Sohi: Unless something disastrous happens, I think this trade earns Milwaukee the right to employ Antetokounmpo for the rest of his contract, including the player option he has for the 2025-26 season. Lillard may be entering his 12th season, but he’s coming off statistical highs in scoring and free throw attempts, and I see his game aging like that of Steph Curry, who has three more seasons and two more years on him.

Which NBA star will be traded next?

Mahoney: If we’re talking superstars? Joel Embiid. Don’t blame me—I’m just reading the literal years of tea leaves.

Sohi: All eyes turn now to James Harden, who doubled down on his anti–Daryl Morey stance this week, bottle-service style:

Murdock: Harden seems intent on burning every bridge, valley, and road between himself and Sixers president of basketball operations Daryl Morey. While Harden’s actions are hilarious, his discontent is an unwelcome distraction for a team that has legitimate title chances with or without Harden on the roster. All while new coach Nick Nurse tries to implement a new culture in Philadelphia. Morey, the subject of Harden’s wrath, has always been a notoriously patient negotiator, but the pressure to move on from Harden is building.

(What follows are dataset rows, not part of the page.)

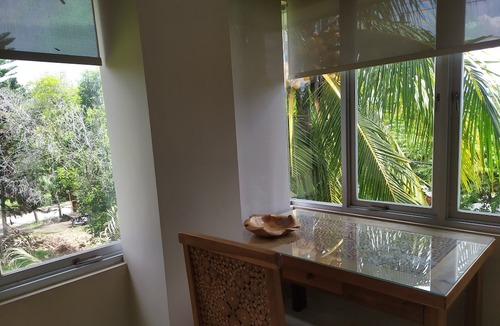 Mataram Hostel | Footprints Backpacker - Hostel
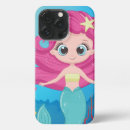 Search for little mermaid iphone cases Under the sea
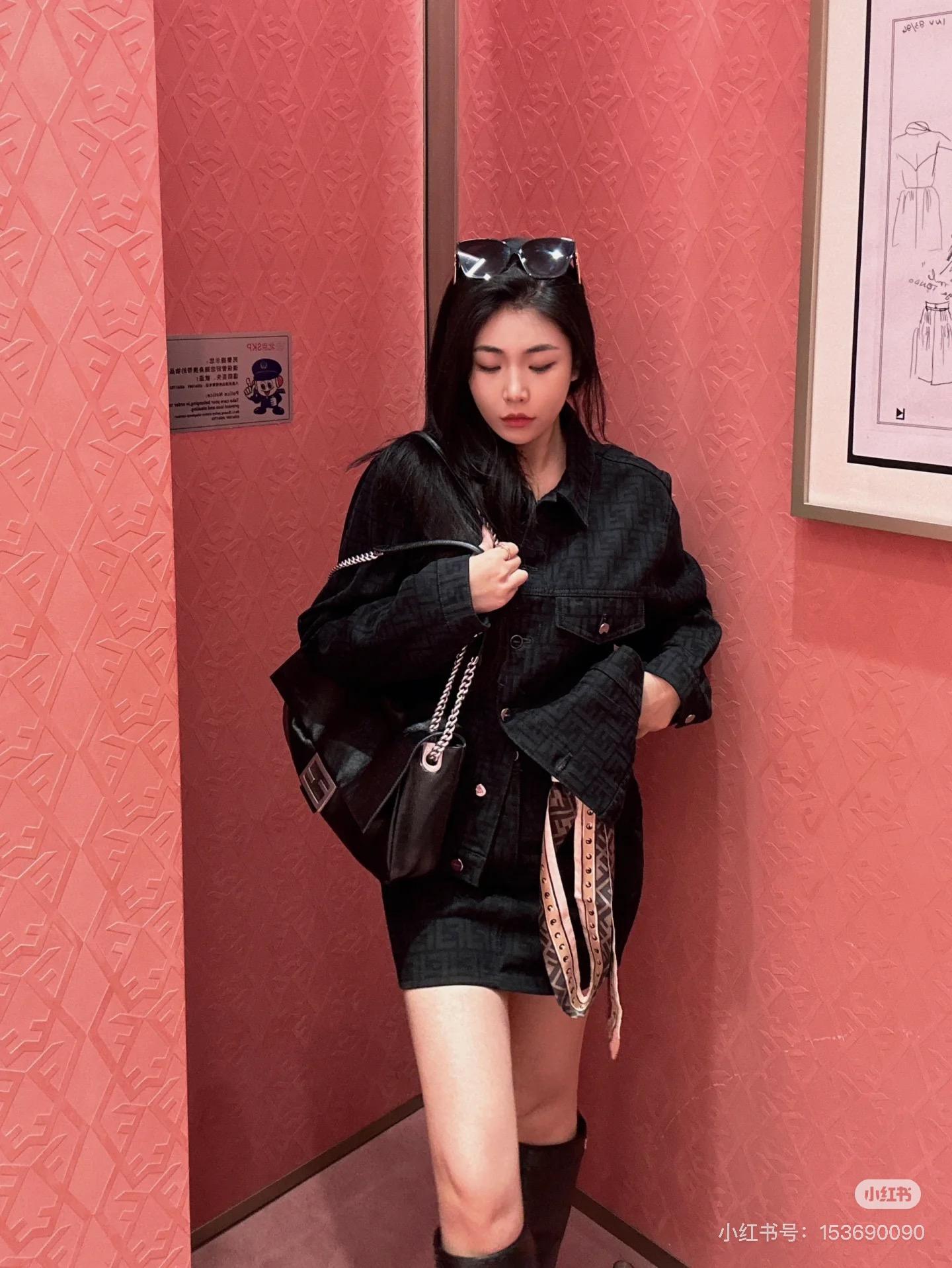 상세 이미지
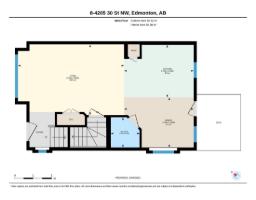 #8 4205 30 St Nw, Edmonton, AB T6T2G9 Photo 58
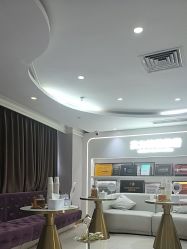 -广州美莱医疗美容医院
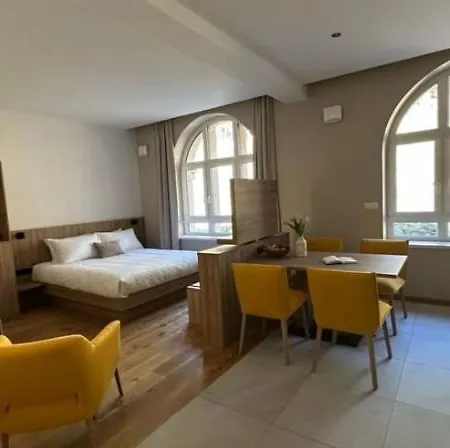 Domaine De Haslach, The Originals Collection, De Tourisme Feriested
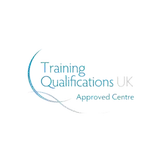 TQUK 英國資歷培訓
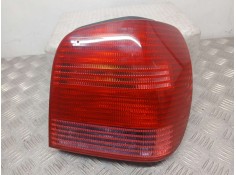 PILOTO TRASERO DERECHO 6N0945096H 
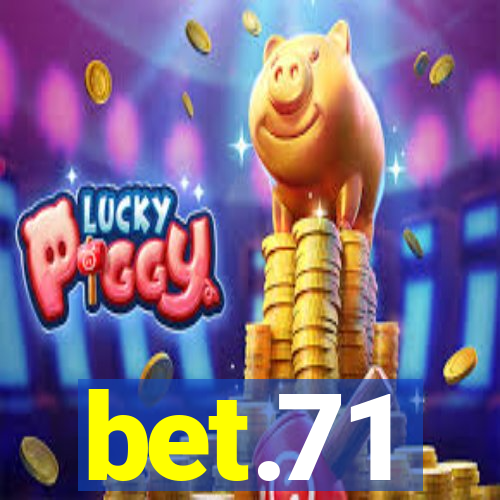 bet.71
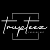 TRUPTEEZ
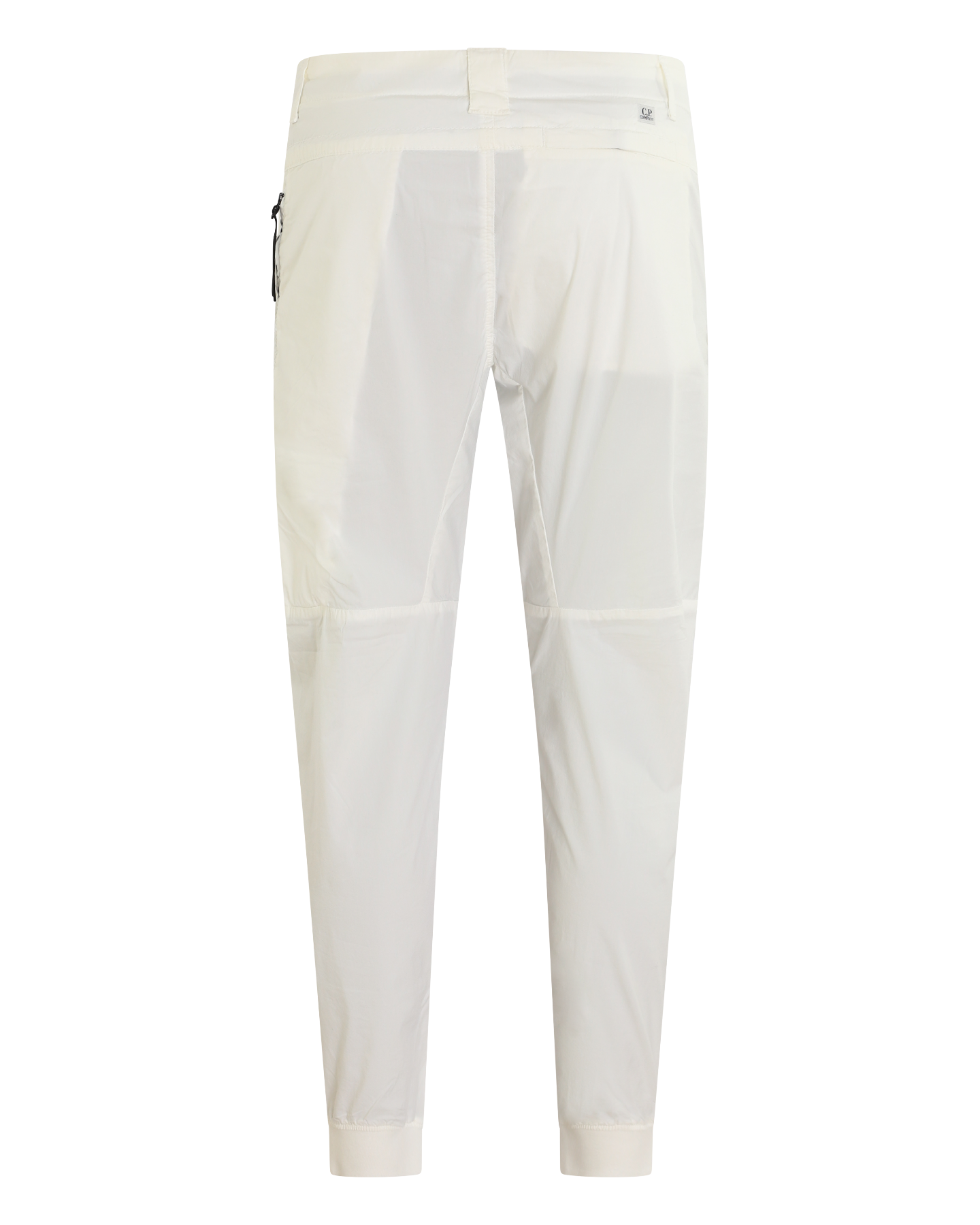 Heren Pants - Cargo Pant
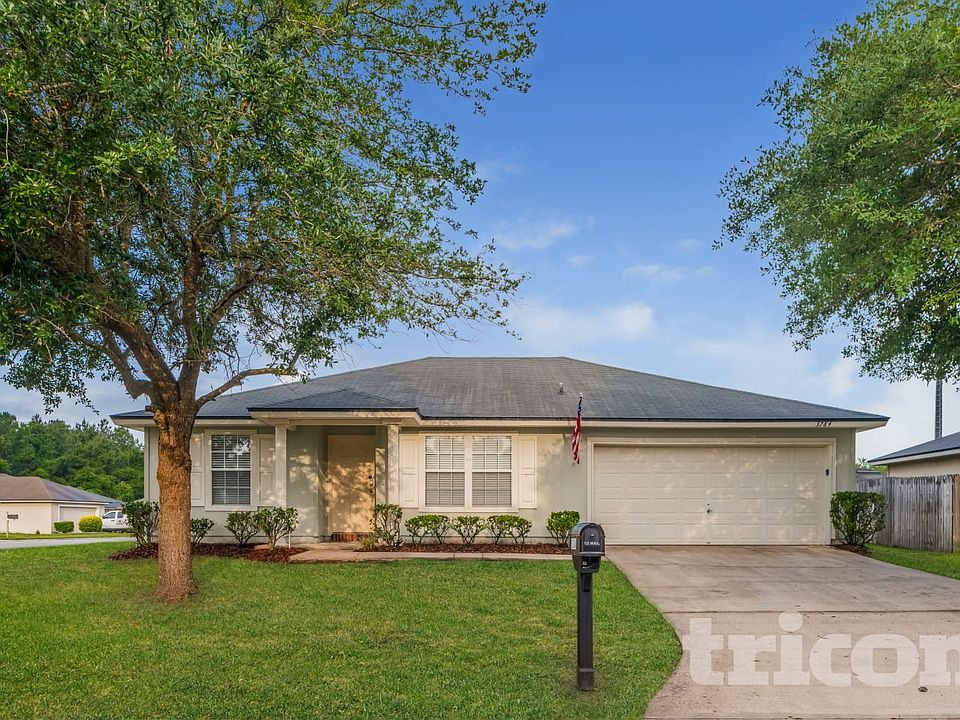 1st image of 3784 Lauren Crest Ct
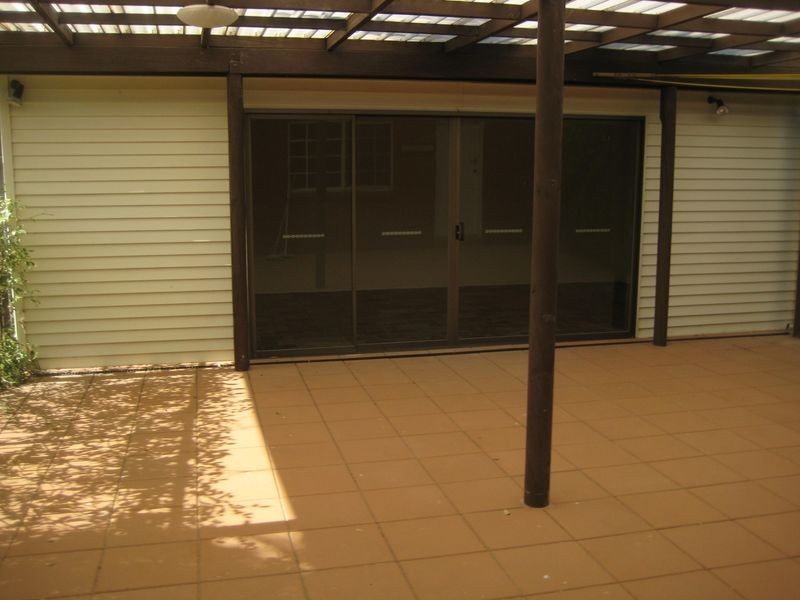 84 Matthews Square, Ingleburn NSW 2565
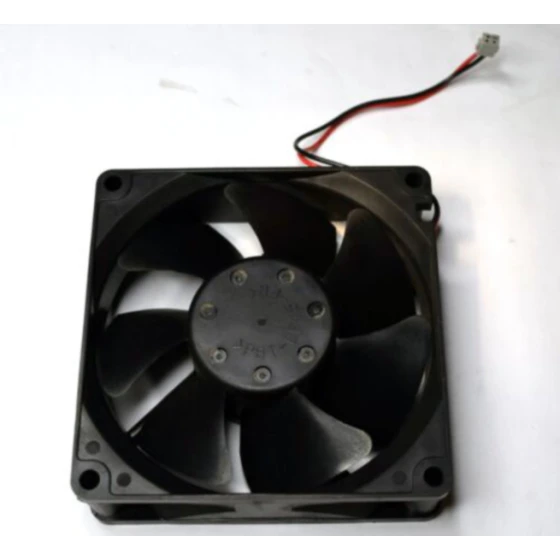 NMB 3110KL-05W-B30 Fan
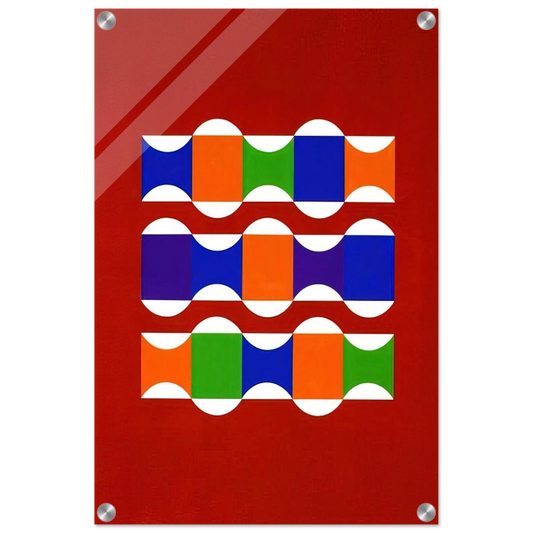 5f14420d-8497-4aca-8e55-4ef4622755b0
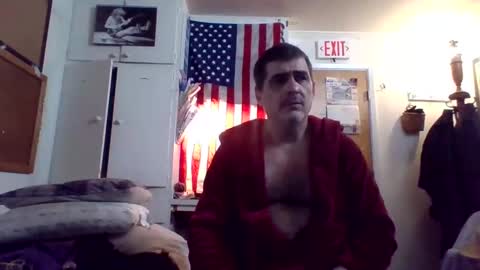 hoglegg99384194 online show from February 9, 7:49 am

Kram: I assume we’re not counting Holiday, who will be rerouted to a non-Portland destination shortly, and Harden is too obvious. So I’ll go out on a limb and pick Chris Paul, because Holiday fits perfectly in Golden State, and Paul plus Jonathan Kuminga are a perfect swap for Holiday, salary-wise.

Dollinger: If it’s not Harden, I want my summer back.

Who will have a better record in five years: Milwaukee or Portland?

Sohi: Portland, by design. The Bucks, who were already dead last in our Young Core Rankings last year, went full Eckhart Tolle and doubled down on being in the present moment with this trade. Their fortunes, at best, will go as far as Giannis’s prime. Who knows what his jumper-less game will look like at 33? Scoot Henderson, on the other hand, will be just getting started.


Kram: Research shows that there’s almost no way to predict how good any given team will be five years into the future. So I’ll shrug and pick Milwaukee, just because the West has historically provided stiffer competition than the East—but even if the answer is Portland, the Bucks will have another title by then, so their fans won’t care.

Murdock: Milwaukee. If all goes to plan, the Bucks should be regulars in the Finals for the next few years. And while Henderson has all the attributes to be a star, it takes time to build a contender in the vaunted Western Conference.

Dollinger: Portland. In five years, Middleton will be 37, Dame will be 38, and Lopez will be 40. Henderson will still have to pay the “young renter fee” when he uses Enterprise.

Mahoney: For as much as I’d love to give Portland (and Henderson, in particular) the benefit of the doubt, the last five years have taught us that having a prime Giannis on the roster is a pretty good shortcut to winning about 70 percent of your games. Antetokounmpo will be a different player at 33 years old, but not so different that I could count him out.